Hello there, I have a question about hybrid search...
# community-help
c
Hello there, I have a question about hybrid search. I've understood that there are both keyword search results, and semantic search results, and that they are merged together using the formula found in your docs. I've noticed a funny situation where • I have 2 documents with the same name (and therefore the same embedding), • When I search the exact document name, I see the two results, but the
rank_fusion_score
's are different. In the results I can see clearly one is a semantic search result and one is a keyword search result.
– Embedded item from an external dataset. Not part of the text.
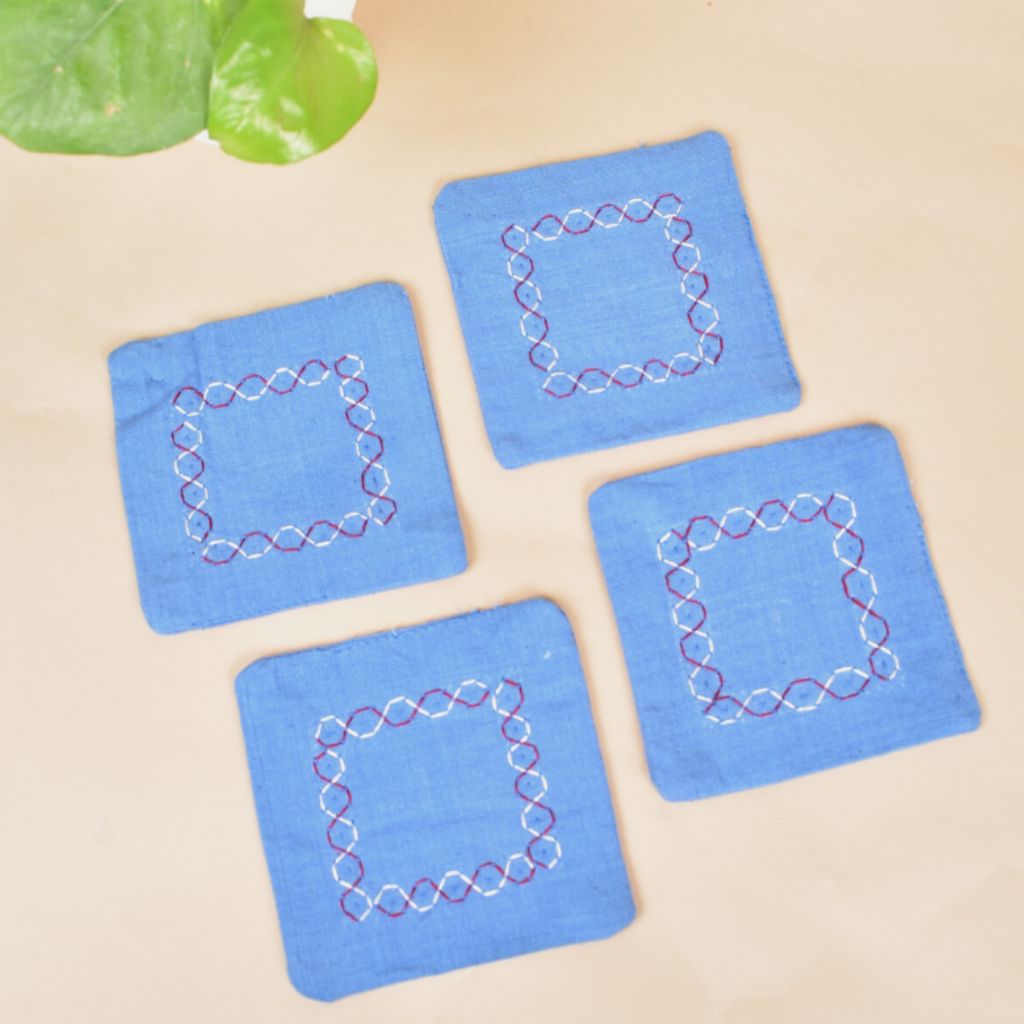 Blue cotton embroidered table coasters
I'm wondering, why both aren't semantic search results? I would have imagined them to have the same exact score? I'll post the response I'm getting in the thread. But basically, the first result has no
vector_distance
and the second one does. Curious why 🧐
Copy code
"hits": [
    {
      "document": {
        "id": "1003447",
        "name": "Financial services - 12.2",
        "source": "exiobase"
      },
      "highlight": {
        "name": {
          "matched_tokens": [
            "Financial",
            "services",
            "12.2"
          ],
          "snippet": "<mark>Financial</mark> <mark>services</mark> - <mark>12.2</mark>"
        }
      },
      "highlights": [
        {
          "field": "name",
          "matched_tokens": [
            "Financial",
            "services",
            "12.2"
          ],
          "snippet": "<mark>Financial</mark> <mark>services</mark> - <mark>12.2</mark>"
        }
      ],
      "hybrid_search_info": {
        "rank_fusion_score": 0.699999988079071
      },
      "text_match": 1736172819517538425,
      "text_match_info": {
        "best_field_score": "3315704398080",
        "best_field_weight": 15,
        "fields_matched": 1,
        "num_tokens_dropped": 0,
        "score": "1736172819517538425",
        "tokens_matched": 3,
        "typo_prefix_score": 0
      }
    },
    {
      "document": {
        "id": "530671",
        "name": "Financial services - 12.2",
        "source": "lune"
      },
      "highlight": {
        "name": {
          "matched_tokens": [
            "Financial",
            "services",
            "12.2"
          ],
          "snippet": "<mark>Financial</mark> <mark>services</mark> - <mark>12.2</mark>"
        }
      },
      "highlights": [
        {
          "field": "name",
          "matched_tokens": [
            "Financial",
            "services",
            "12.2"
          ],
          "snippet": "<mark>Financial</mark> <mark>services</mark> - <mark>12.2</mark>"
        }
      ],
      "hybrid_search_info": {
        "rank_fusion_score": 0.6499999761581421
      },
      "text_match": 1051931443,
      "text_match_info": {
        "best_field_score": "513638",
        "best_field_weight": 102,
        "fields_matched": 3,
        "num_tokens_dropped": 3,
        "score": "1051931443",
        "tokens_matched": 0,
        "typo_prefix_score": 255
      },
      "vector_distance": 4.76837158203125E-7
    },
]
Odd I've restarted the database and now both documents have a vector_distance, as I expected originally. Any ideas why that is the case?
j
Could you try this on v28.0.rc20?
k
Rank fusion score will be different because it takes into account the position of a document in the ranking. Even if 2 documents have the same embedding, one will have to appear after the other, rank fusion score will be different However, I am not sure why only one would have a vector distance, and why it worked after a restart. Let me know if you are able to reproduce the issue again.
c
Odd right? Yes, I'll let you know if I'm able to reproduce it, but at the moment everything is working as expected. Probably best to upgrade to the latest version as well, we're currently on v26.0
k
Oh yeah that's definitely a good idea. Several fixes since then.
c
Thank you both! I'll let you know if we're ever able to reproduce.